Kiev is in flames and I don't care
Ukraine is sliding into anarchy. The President, Viktor Yanukovych, was planning to build closer ties with the European Union. Then at the eleventh hour, the Russian President, Vladimir Putin, persuaded him otherwise, offering a large loan from his country, in exchange for increased loyalty and sinister-sounding security cooperation. A section of the population is outraged and has taken its anger out into the streets, protesting day and night in Kiev's Maidan Square. Shots have been fired. Business has ground to a halt. The currency is in freefall; the country looks on the edge of disaster.
And yet you don't care. You know the reasons why it's important, but they don't grip you. This has happened a few times before: when the budget finally went through, when the spying story came out, when coral of the Great Barrier reef was revealed to be in poor condition... You realise these things matter for the world. Yet, in private, you don't care.
Not because you are bad, but because you are somewhere else. You can't take it on board. This isn't your struggle; you're needed elsewhere on subjects that, while they're tiny in the grand scheme of things, matter a lot within your context.
We should go a little easier on ourselves when it comes to indifference to the news - and recognise that we're one of the first generations to have to deal with the torrent of information about things very far removed from our own lives. For most of history, it was extremely difficult to come by information about what was happening anywhere else. And you probably didn't mind. What difference would it make, if you were a crofter in the Hebrides, to learn that a power struggle was brewing in the Ottoman Empire?
Much of what we now take for granted as news has its origins in the information needed by people taking major decisions or at the centre of national affairs. We still hear the echoes in the way news is reported; timing is assumed to be critical, as it really would be if we were active agents. If you don't have the latest update you might make a terrible blunder or miss a wonderful opportunity.

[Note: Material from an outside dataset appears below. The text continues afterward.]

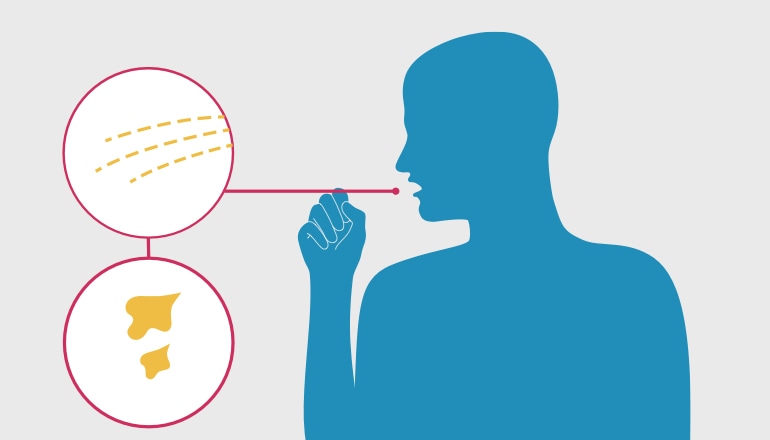 Illustration showing a man coughing up mucous, which is a symptom of acute bronchitis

Ease of communication and a generous democratic impulse mean that information originally designed for decision makers, now gets routinely sent via the media to very large numbers of people. It is as if a dossier, with the latest news from Kiev, which might properly arrive on the desk of a minister has accidentally been delivered to the wrong address and ends up on the breakfast table of a librarian in Colchester or an electrician in Pitlochry. But the librarian or electrician might quite reasonably turn round and politely point out that they can't do anything with this knowledge and that, surely, the files have come to them by mistake. They don't, but only because habit has closed our eyes to the underlying strangeness of the phenomenon.
Pitlochry High street
Every day the news gives us stuff that is both interesting for some people and irrelevant to you. So one reads a very insightful article on the prospects for political reform in Pakistan, meaning that if you were wondering whether Pakistan was a good place to locate a new factory you'd be able to make a better informed decision. Or there are revelations that tensions in the cabinet are more serious than previously supposed. So if you were wondering whether this might be a good time to launch your leadership bid, this would be a good piece to read. But otherwise...?
The modern idea of news is pleasantly flattering. Yet it's really quite strange. We keep getting information that isn't really for us to know what to do with. No wonder we're sometimes a bit bored. It's not our fault.
The news is also rather jealous. It wants to distract you from a private sense of purpose. It would be dangerous if hardly anyone paid attention to what the government was doing, or what was happening to the environment or events in Kiev. But it is not right to go from this to the demand that everyone should be interested in every item at the very moment when the news machine requests their attention.
Indeed, we badly need people whose attention is not caught up in the trends of the moment and who are not looking in the same direction as everyone else. We need people scanning the less familiar parts of the horizon. There was a time when a particular country in crisis hadn't reached the headlines, when the approved legislation hadn't even been formulated, when few people were interested in coral reefs... These things had to get going, and to do so, they needed a pool of independent thinkers of a kind who turn today's unpromising themes into tomorrow's mainstream, 'obvious' topics of interest.
Indifference to big banner events can be churlish. But it can also be the mark of deep and important originality. Let's treat the phenomenon of not being interested in some stories with cautious respect.